The Company follows the asset and liability method of accounting for income taxes under ASC 740, “Income Taxes.” Deferred tax assets and liabilities are recognized for the estimated future tax consequences attributable to differences between the financial statements carrying amounts of existing assets and liabilities and their respective tax bases. Deferred tax assets and liabilities are measured using enacted tax rates expected to apply to taxable income in the years in which those temporary differences are expected to be recovered or settled. The effect on deferred tax assets and liabilities of a change in tax rates is recognized in income in the period that is included in the enactment date. Valuation allowances are established, when necessary, to reduce deferred tax assets to the amount expected to be realized.

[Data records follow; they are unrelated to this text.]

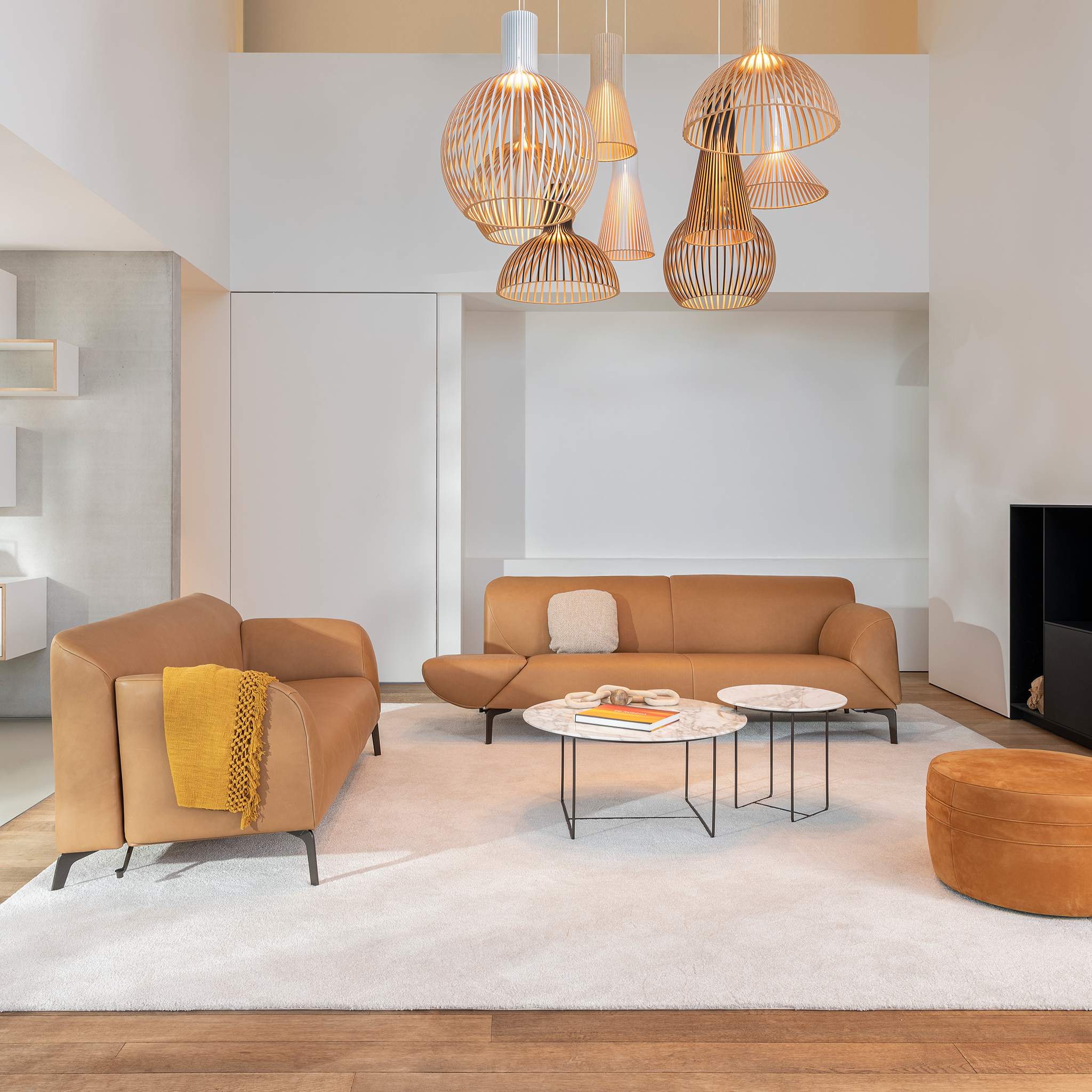 Como Sofa set with lounge chair, ottoman, and nesting tables in contemporary space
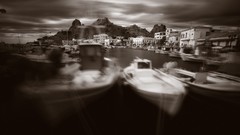 Boats sepia buildings motion blur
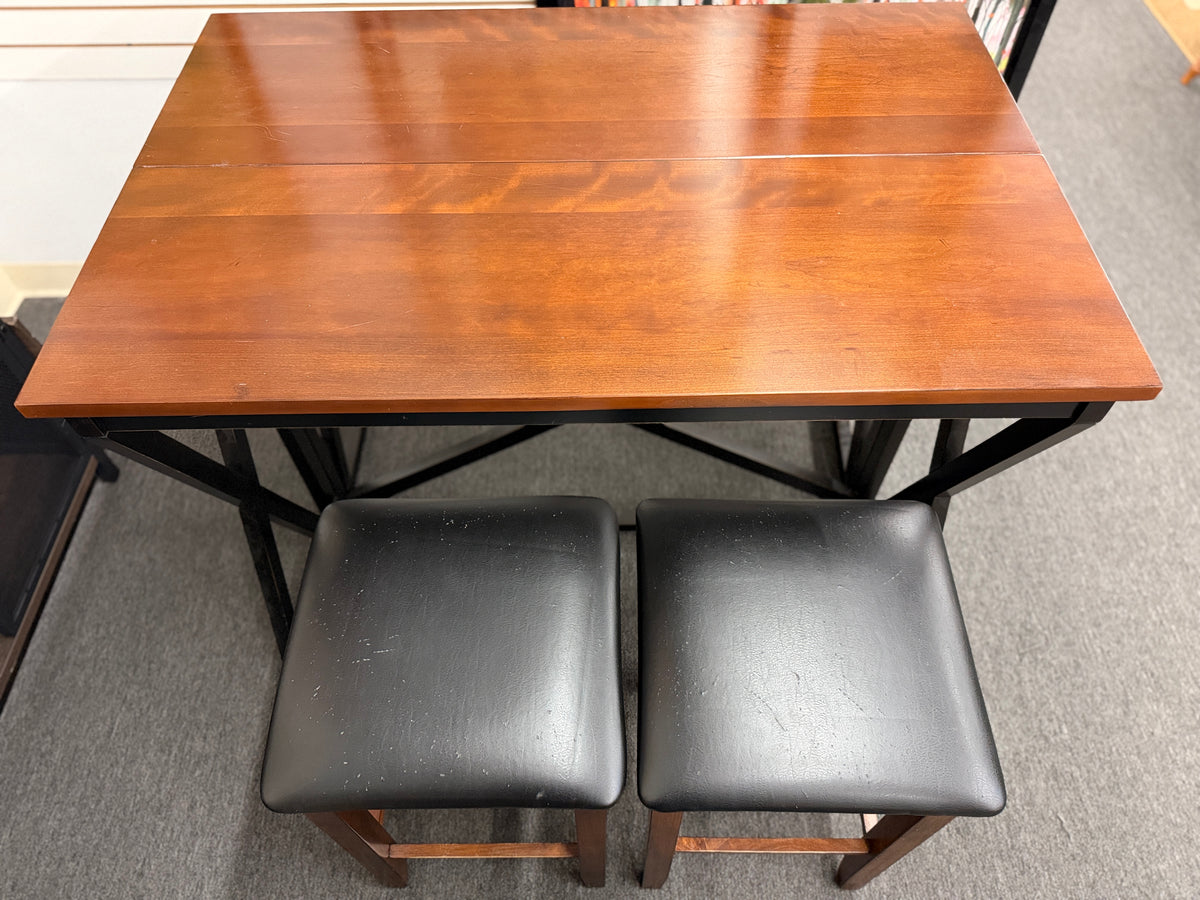 A counter-height dining set featuring a warm wood drop-leaf top, black metal X-frame base, and two matching backless barstools with black faux-leather cushioned seats in good condition.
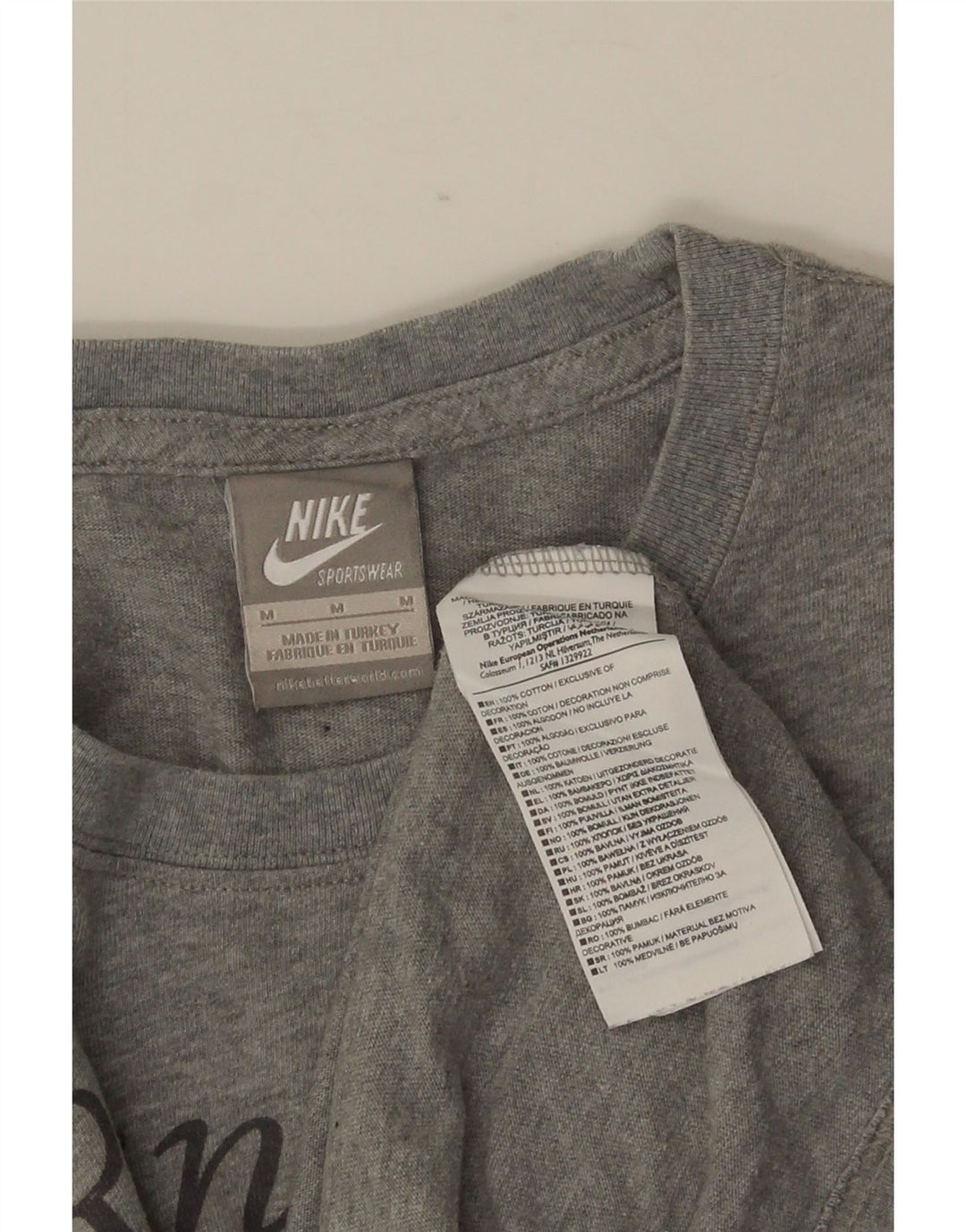 NIKE Camiseta gráfica para hombre Top de algodón gris medio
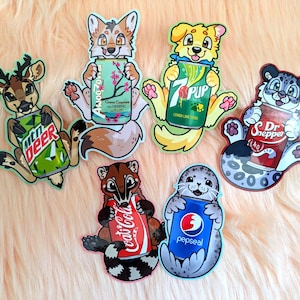May include: Six die-cut stickers featuring cartoon animals holding soda cans. The animals include a deer with Mtn Deer, a fox with AwooZona, a dog with 7Pup, a snow leopard with Dr. Snepper, a coati with Coat-Cola, and a seal with Pepseal.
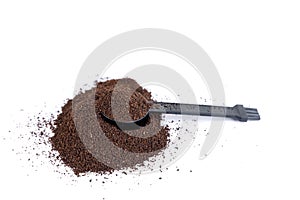 Pile of coffee grounds under a black scoop and brush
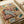 May include: Vintage-style illustrated poster showing two orange cats in a cozy living room scene. One cat wearing striped blue pajamas and sleep mask naps on a brown leather armchair, while another in plaid shirt reads a book nearby. Small fish on a plate sits on wooden floor beside colorful yarn balls and woven rug. Title "CAT NAP" appears in colorful block letters at top. Poster displayed on white surface with rolled paper tube visible.
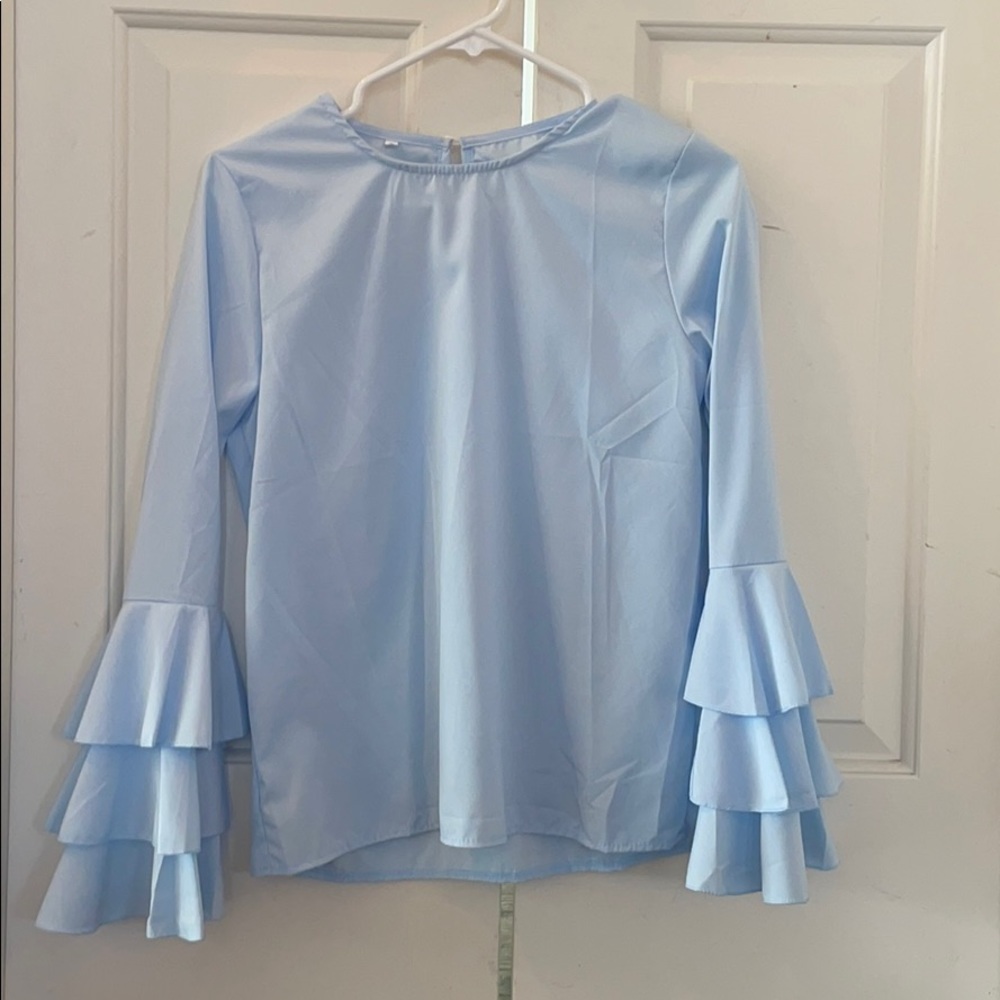 Light blue top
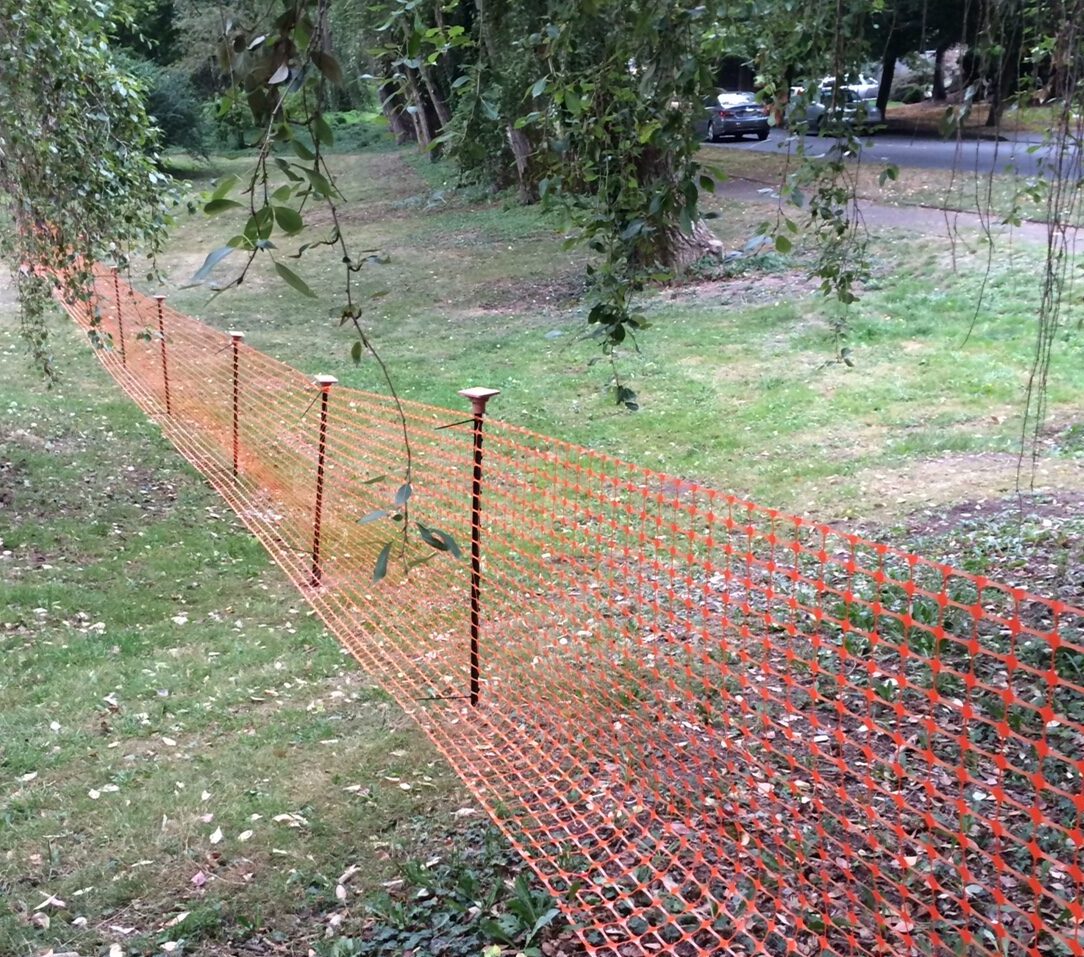 High visibility fence installed on an undisturbed area attached to metal stakes
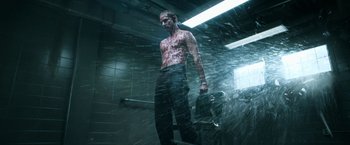 Movie still from “Deliver Us from Evil” (2014), directed by Scott Derrickson – A man standing in the rain in front of a shower; Medium shot, Low angle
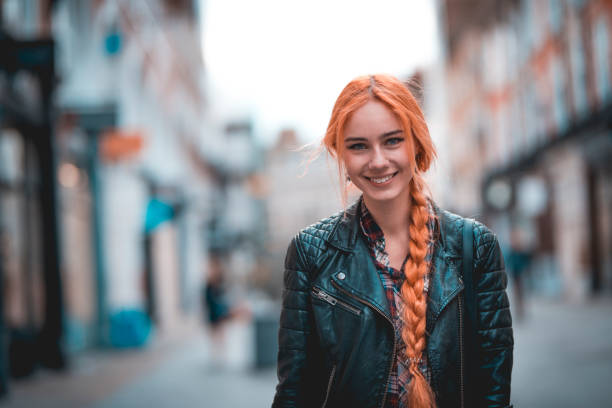 Waiting for friends Woman posing on the street in London. She is looking at camera. young women shopping stock pictures, royalty-free photos & images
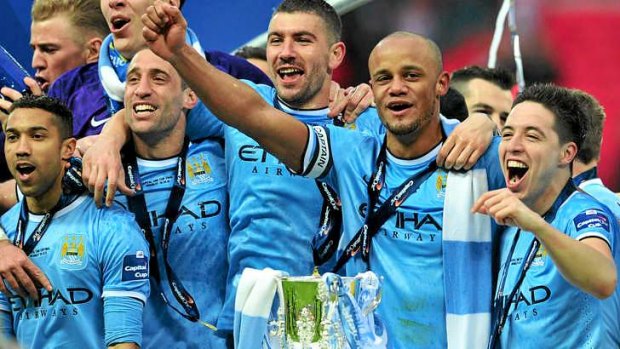 Manchester City celebrate with the League Cup.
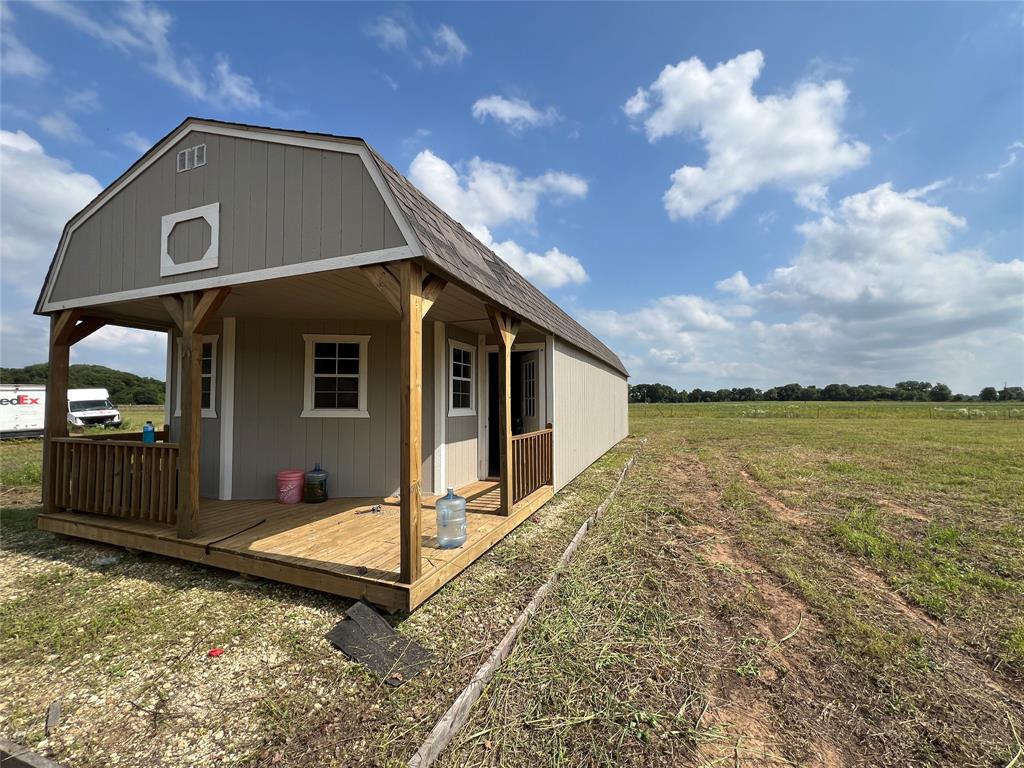 1757 County Road 252 Rising Star, TX 76471 - Photo 2 of 25 a view of a house with backyard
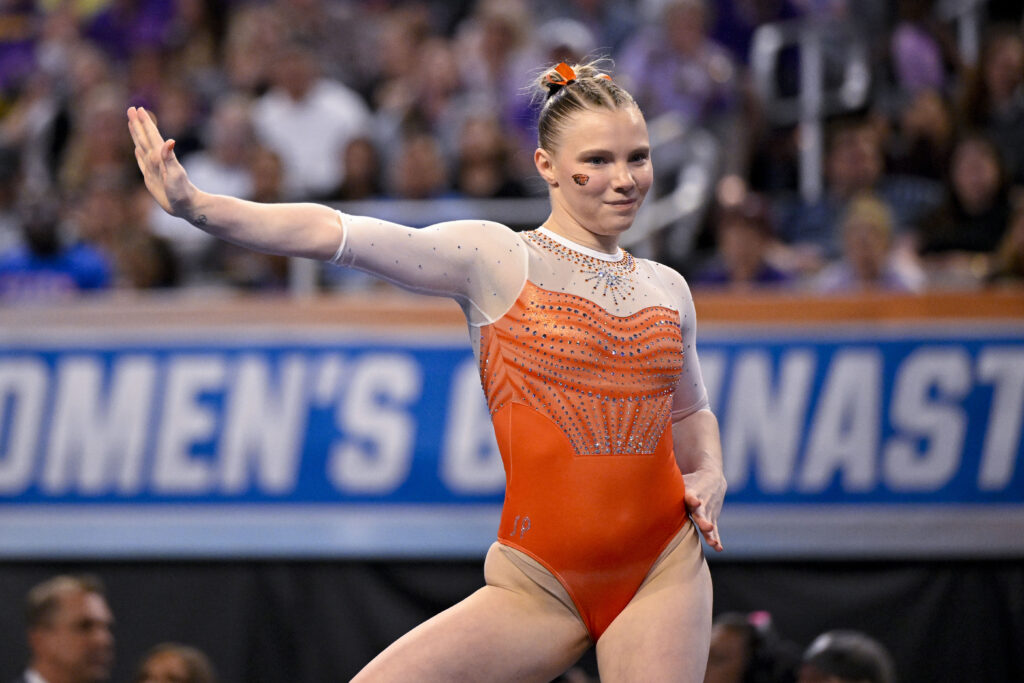 A gymnast in an orange and white leotard competes on the floor exercise.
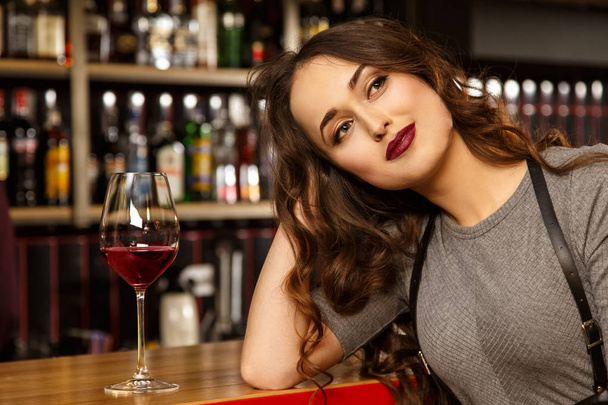 Ben ve hayallerim. Uzak sersem arıyor muhteşem kırmızı dudaklı genç bir kadın portresi barda bir bardak şarap yaparken gülümseyen - Fotoğraf, Görsel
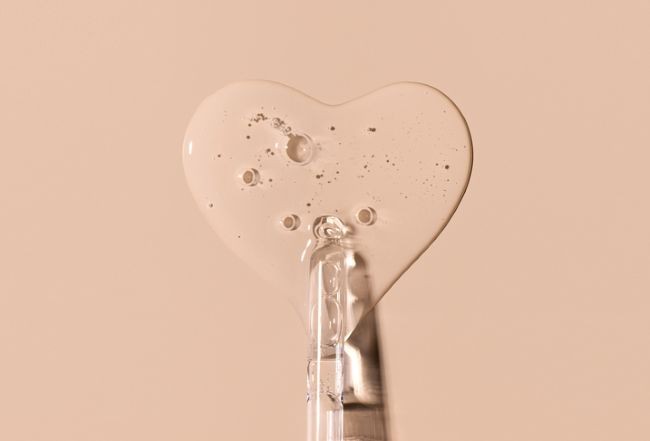 detaliu cu un flacon cu cosmetice din care e picurata substanta pe un fundal roz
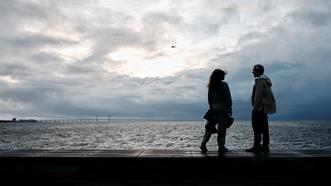 Ett par som står vid havet med Öresundsbron i bakgrunden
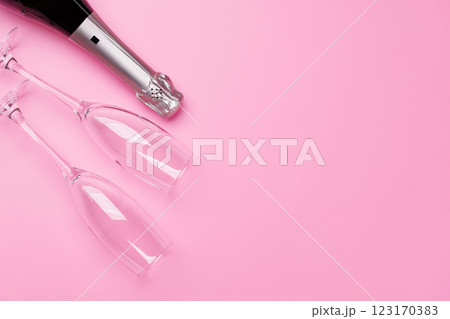 A stylish champagne bottle with elegant glasses on a soft pink background A stylish champagne bottle with elegant glasses on a soft pink background 123170383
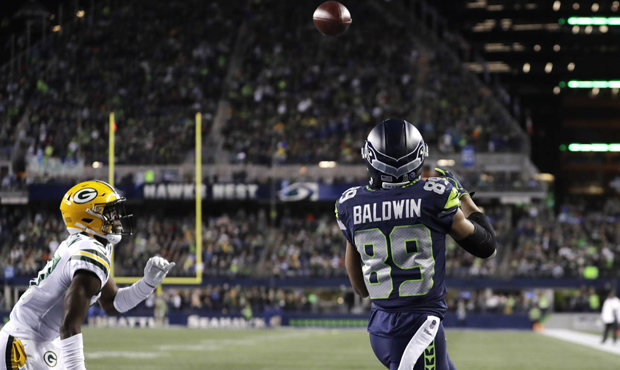 Seattle Seahawks wide receiver Doug Baldwin (89) catches a pass for a touchdown in front of Green B...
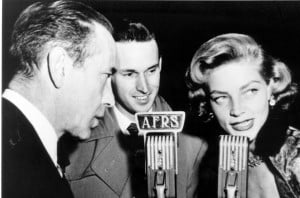 Attribution: Armed Forces Radio Services broadcaster Jack Brown interviews Humphrey Bogart and Lauren Bacall for broadcast to troops overseas during World War II.  Source: AFRTS.  http://commons.wikimedia.org/wiki/File:Bogart_Bacall_AFRS.jpg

ASC 740 prescribes a recognition threshold and a measurement attribute for the financial statement recognition and measurement of tax positions taken or expected to be taken in a tax return. For those benefits to be recognized, a tax position must be more likely than not to be sustained upon examination by taxing authorities. The Company recognizes accrued interest and penalties related to unrecognized tax benefits as income tax expense. There were no unrecognized tax benefits and no amounts accrued for interest and penalties as of March 31, 2025 or December 31, 2024. The Company is currently not aware of any issues under review that could result in significant payments, accruals, or material deviation from its position.

There is currently no taxation imposed on income
by the government of the Cayman Islands. In accordance with Cayman income tax regulations, income taxes are not levied on the Company.
Consequently, income taxes are not reflected in the Company’s condensed financial statements.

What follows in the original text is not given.